Following acute events like stroke, reactive astrocytes form glial scars to isolate the injured area, yet they can also release molecules that inhibit axon regrowth. In epilepsy, dysfunctional astrocytes can fail to properly buffer extracellular potassium ions and clear glutamate from synapses. This leads to increased neuronal excitability and contributes to seizure activity.

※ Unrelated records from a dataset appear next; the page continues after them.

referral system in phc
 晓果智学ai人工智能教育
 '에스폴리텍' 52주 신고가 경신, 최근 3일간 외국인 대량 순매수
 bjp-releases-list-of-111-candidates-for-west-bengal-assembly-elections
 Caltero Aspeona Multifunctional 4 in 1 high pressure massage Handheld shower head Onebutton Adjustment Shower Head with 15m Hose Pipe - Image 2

The Primary Astrocyte Research Model
Primary astrocyte cultures serve as a tool in neuroscience research, allowing scientists to investigate astrocyte biology in a controlled environment. An advantage of using primary cells is their greater biological relevance compared to immortalized cell lines. This model enables researchers to conduct experiments on a single cell type, isolating specific astrocyte functions that would be difficult to study in the complex environment of a living organism.
Despite these benefits, primary astrocyte cultures have inherent limitations. When grown in a laboratory, these cells typically exist in a two-dimensional (2D) environment, which differs significantly from the intricate three-dimensional (3D) structure of the brain. This artificial flatness can alter their morphology and gene expression patterns, making them less representative of their natural state. The process of isolating primary astrocytes can also induce changes in their gene expression, further impacting how accurately they reflect astrocytes in their native tissue. Primary cultures often lack the complex interactions with other brain cells, such as neurons and microglia, which are essential for many astrocyte functions in a living brain.